Many big sites use background jobs and job queues to process time consuming operations, for example Amazon, GitHub and Twitter, at least in early days. Amazon offers now a queue service named Amazon SQS. Chris Wanstrath has written a short history of using background jobs in GitHub. Twitter has tried various ways of using background processes, too.

There are in fact many options for performing background processing in Rails. The official wiki entry for background processes in ruby on rails is a bit sparse, the entry about background jobs in rails in the older wiki, too. The overview from Andy Stewart about long-running tasks in Rails without much effort is better. Tobin Harris lists 6 ways to run background jobs in Ruby on Rails.

In general, one can distinguish between different task storage and task execution forms. The task storage can be the database, which means persistence and durability, or a message queue (Amazon SQS, Websphere MQ, RabbitMQ, ..), which means high performance if the queue operates in memory. The task execution can be immediately, for example by an always running background daemon, or periodically, for instance by running a CronJob. For periodically reoccurring jobs which have to be executed at a certain time of day a rake task or a script/runner controlled by a cron job is a good solution. This is perfect for jobs which should be running once a day. If a task must be processed as soon as possible, usually some form of storage comes into play. The jobs can be stored in a message queue (MQ), in the database (DB) or not at all:

No queues or task storage

Spawn

=> use processes and threads, just fork a new process or create a new thread for each job

Database-driven Job Queues

BackgroundDRb, Background Job (BJ), DelayedJob (DJ), JobFu, Background-Fu

=> store jobs in persistent job queue table (database-driven Job queues), persistent but slow, closely integrated and tightly coupled to Rails project, use the SQL database as a message bus

Message Queues

Sparrow, Starling, Kestrel, RabbitMQ, Apache ActiveMQ, Amazon SQS, Beanstalkd
=> store jobs in memory (message queue), not always persistent but very fast, loosely coupled to Rails project, use a real message bus

Now let us take a closer look at the different solutions to the same problem. Users prefer those options and choices which are simple to set up and simple to use. The most simple solutions are database-driven Job queues: Background Job (BJ) and DelayedJob (DJ). DelayedJob is so popular that is has also two similar clones, JobFu and Background-Fu. Even simpler is to use no database or queue at all.

No queues or task storage

Spawn

– small plugin for Rails to easily fork or thread long-running code blocks
– executes task in new background process by creating a new child process (Forking) or new thread (threading)
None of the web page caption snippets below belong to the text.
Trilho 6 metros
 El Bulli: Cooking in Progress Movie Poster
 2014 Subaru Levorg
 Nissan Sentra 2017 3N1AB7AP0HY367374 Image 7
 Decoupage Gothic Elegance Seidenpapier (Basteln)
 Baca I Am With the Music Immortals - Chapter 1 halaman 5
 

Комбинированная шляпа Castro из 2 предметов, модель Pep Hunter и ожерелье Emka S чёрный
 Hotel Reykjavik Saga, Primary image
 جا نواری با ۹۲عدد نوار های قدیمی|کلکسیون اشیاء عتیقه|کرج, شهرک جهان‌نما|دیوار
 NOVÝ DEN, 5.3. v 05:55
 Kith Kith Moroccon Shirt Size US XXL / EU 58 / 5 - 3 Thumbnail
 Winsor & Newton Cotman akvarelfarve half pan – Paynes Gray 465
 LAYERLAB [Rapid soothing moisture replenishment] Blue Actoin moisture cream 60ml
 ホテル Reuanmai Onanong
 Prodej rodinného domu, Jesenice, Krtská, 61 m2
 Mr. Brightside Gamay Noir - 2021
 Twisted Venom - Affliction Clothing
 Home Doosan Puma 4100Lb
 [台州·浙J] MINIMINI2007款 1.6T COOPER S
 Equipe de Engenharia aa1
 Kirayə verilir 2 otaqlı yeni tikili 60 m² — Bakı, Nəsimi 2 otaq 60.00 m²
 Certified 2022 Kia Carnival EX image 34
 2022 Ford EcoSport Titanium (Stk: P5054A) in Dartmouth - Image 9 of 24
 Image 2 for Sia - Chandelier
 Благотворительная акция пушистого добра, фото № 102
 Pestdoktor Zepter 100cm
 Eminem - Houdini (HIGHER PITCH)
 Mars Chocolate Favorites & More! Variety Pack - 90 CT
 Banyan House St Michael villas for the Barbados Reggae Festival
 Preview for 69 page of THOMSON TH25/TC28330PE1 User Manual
Plugins for Database-driven Job Queues

BackgroundDRb

Written by Ezra Zygmuntowicz, originally used Distributed Ruby (DRb)
– stores jobs in persistent job queue table
– queue is processed using specific, hard-wired worker objects
– queue is filled by “MiddleMan” objects
– BackgroundDRb server “backgroundrb” contains workers and listens on certain port for new events/requests

Background Job (BJ)

– stores jobs in persistent job queue table and processes the jobs of the table in the background
– simple and robust solution, but how you structured the jobs is largely up to you. jobs have no direct connection to Rails models or their methods, Bj runs jobs as command line applications. Bj just runs the ruby or bash scripts you specify. Good “general purpose solution”.
– you need to use script/runner or rake tasks commands to access Rails models, which will loads the entire
Rails environment for each job
– no daemon process for processing the jobs, workers are not persistent, only one background process started or signalled for each stored job

DelayedJob (DJ)

– Written by Tobias Lütke (Tobi), used by GitHub in the past
– needs the daemons gem to create a background daemon process
– stores jobs in persistent job queue table (“delayed_jobs”)
– you can turn any method call into a job to be processed later: a job is queued by calling send_later(method, params) on any object. You can also use custom job classes.
– the queue is processed by a rake task (rake jobs:work) or a script “delayed_job” which start and stops a daemon process to process the queue
– the daemon will check for queued background jobs every 5 seconds
– good documentation, many tutorials, for example here, here, here or here.

JobFu

– written by Jon Stenqvist
– needs the daemons gem to create a background daemon process
– similar to delayed_job (a delayed_job clone)
– stores jobs in persistent job queue table (“jobs”)
– you can turn any method call into a job to be processed later (using the “Backgrounded handler” syntax)

Background-Fu

– written by Jacek Becela
– needs the daemons gem to create a background daemon process
– similar to delayed_job (a delayed_job clone)
– stores jobs in persistent job queue table (“jobs”)
– the daemon will check for queued background jobs every 5 seconds

Message Queue Servers

Message queue servers are available in various languages, Erlang (RabbitMQ), C (beanstalkd), Ruby (Starling or Sparrow), Scala (Kestrel) or Java (ActiveMQ). A short overview can be found here

Sparrow

– written by Alex MacCaw
– Sparrow is a lightweight queue written in Ruby that “speaks memcache”

Starling

– written by Blaine Cook at Twitter
– Starling is a Message Queue Server based on MemCached
– written in Ruby
– stores jobs in memory (message queue)
– Ruby client: for instance Workling
– documentation: some good tutorials, for example the railscast about starling and workling or this blog post about starling

Kestrel

– written by Robey Pointer
– Starling clone written in Scala (a port of Starling from Ruby to Scala)
– Queues are stored in memory, but logged on disk

RabbitMQ

– RabbitMQ is a Message Queue Server in Erlang
– stores jobs in memory (message queue)
– Ruby client: AMQP/Carrot/Workling/Minon

Apache ActiveMQ

– ActiveMQ is an open source message broker in Java
– Ruby client: ActiveMessaging can be used to access ActiveMQ

Beanstalkd

– written by Philotic, Inc. to improve the response time of a Facebook application
– in-memory workqueue service mostly written in C
– Ruby client: async-observer or beanstalk-client-ruby
– Docu: http://nubyonrails.com/articles/about-this-blog-beanstalk-messaging-queue

Amazon SQS

Amazon Simple Queue Service
– Ruby client: workling

( The alarm clock picture is from Flickr user tripplehelix )

Chris Wanstrath

RabbitMQ and AMQP in Ruby

Ilya Grigorik recently wrote a nice summary about message handling with AMQP. Rany Keddo, the author of the Workling plugin, wrote another nice post about RabbitMQ with amqp. What is the most simple and basic example of using an AMQP message queue from Ruby? And what is an AMQP message queue anyway?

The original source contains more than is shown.